> _ACTIVITY_
I need every line from the start of the material below up to and including the line containing "0. 1 ms fps", restated exactly, with the pictures omitted.

> _GIVEN INFORMATION_
::::::::::
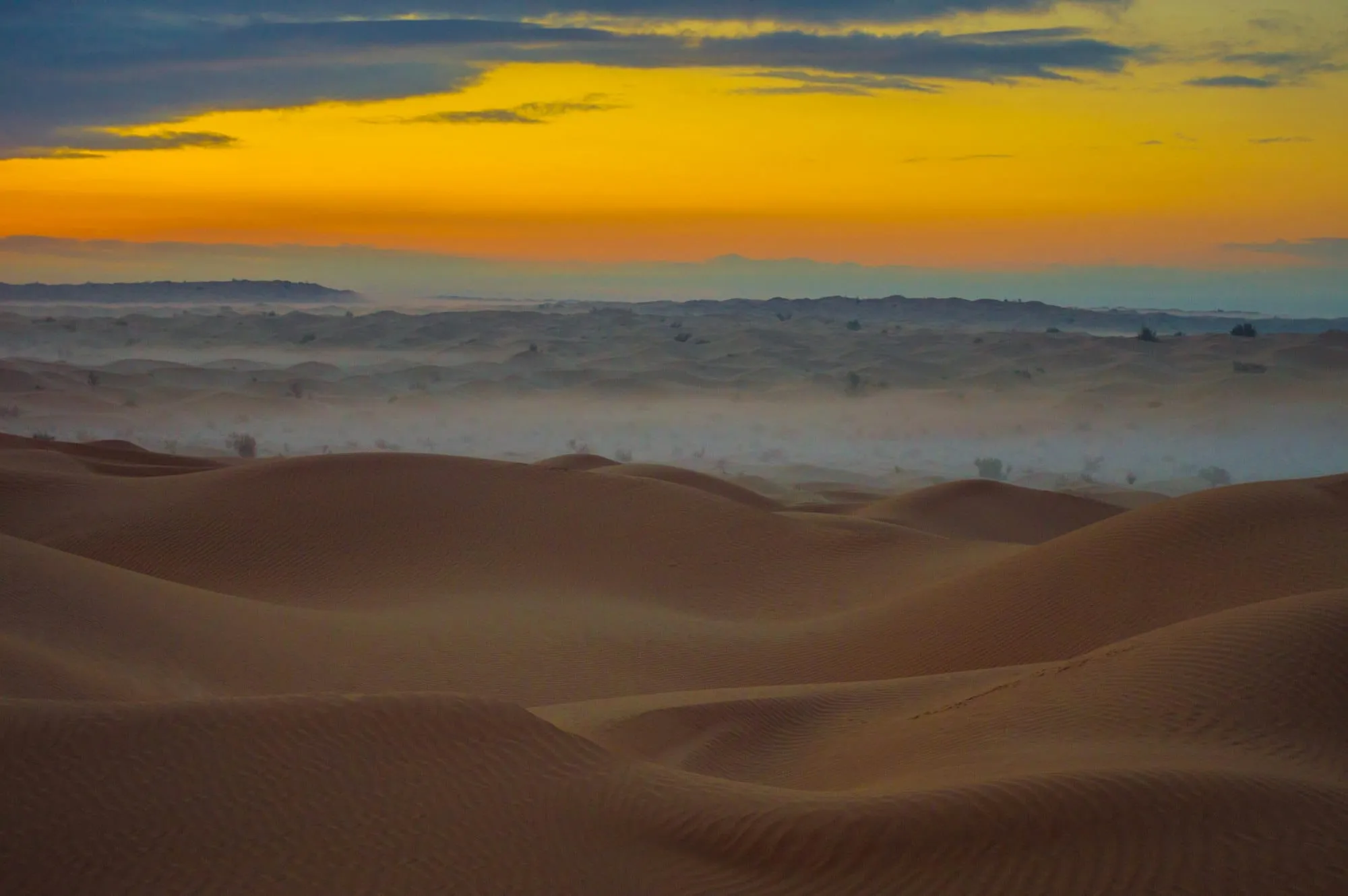 Que faire à Douz : 25 activités à faire (portes du Sahara, dromadaire, dunes) Image de l’article
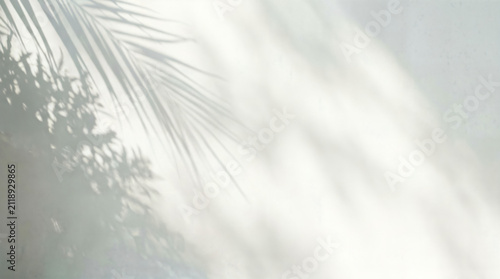 Minimal abstract shadow pattern on white wall, tropical palm leaf silhouette, soft sunlight texture for background design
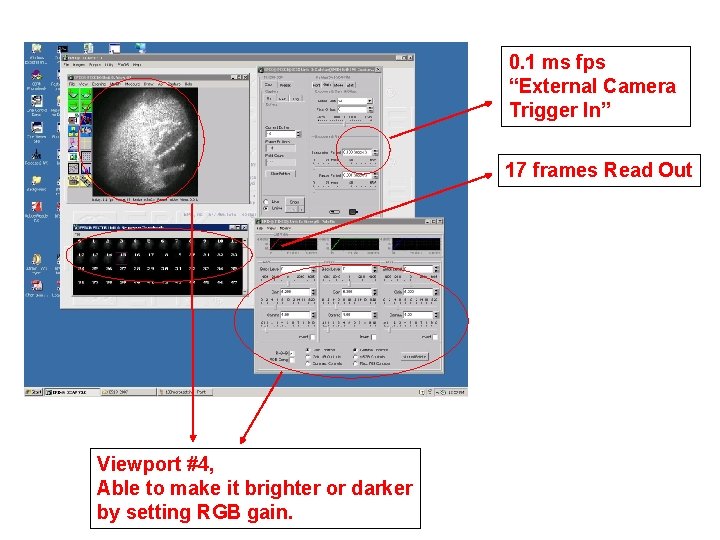 0. 1 ms fps “External Camera Trigger In” 17 frames Read Out Viewport #4,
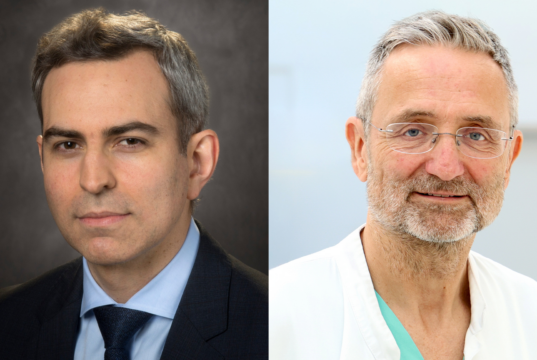 International society-endorsed consensus documents on liver tumour thermal ablation published thermal ablation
::::::::::
> _ANSWER TO THE PROBLEM_
 Que faire à Douz : 25 activités à faire (portes du Sahara, dromadaire, dunes) Image de l’article
 Minimal abstract shadow pattern on white wall, tropical palm leaf silhouette, soft sunlight texture for background design
 0. 1 ms fps “External Camera Trigger In” 17 frames Read Out Viewport #4,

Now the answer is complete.